> **Description of the task**
Would you repeat the listing below verbatim and drop the images?

> **Input data**
********

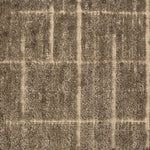 Textured carpet with a checkered pattern in taupe and beige tones.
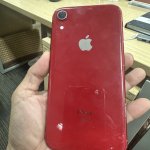 IMG_2709.jpeg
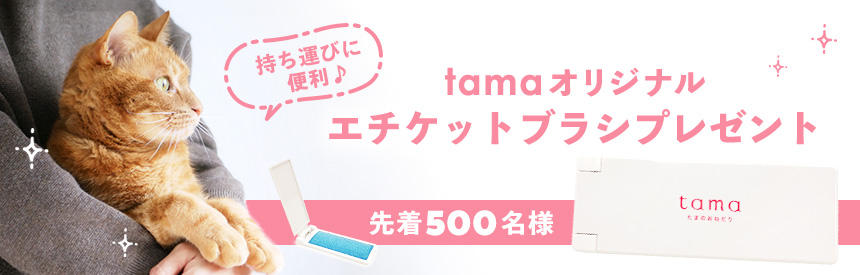 公式】プレミアムキャットフード専門店「たまのおねだり（tama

********

> **Solution to this task**
 Textured carpet with a checkered pattern in taupe and beige tones.
 IMG_2709.jpeg
 公式】プレミアムキャットフード専門店「たまのおねだり（tama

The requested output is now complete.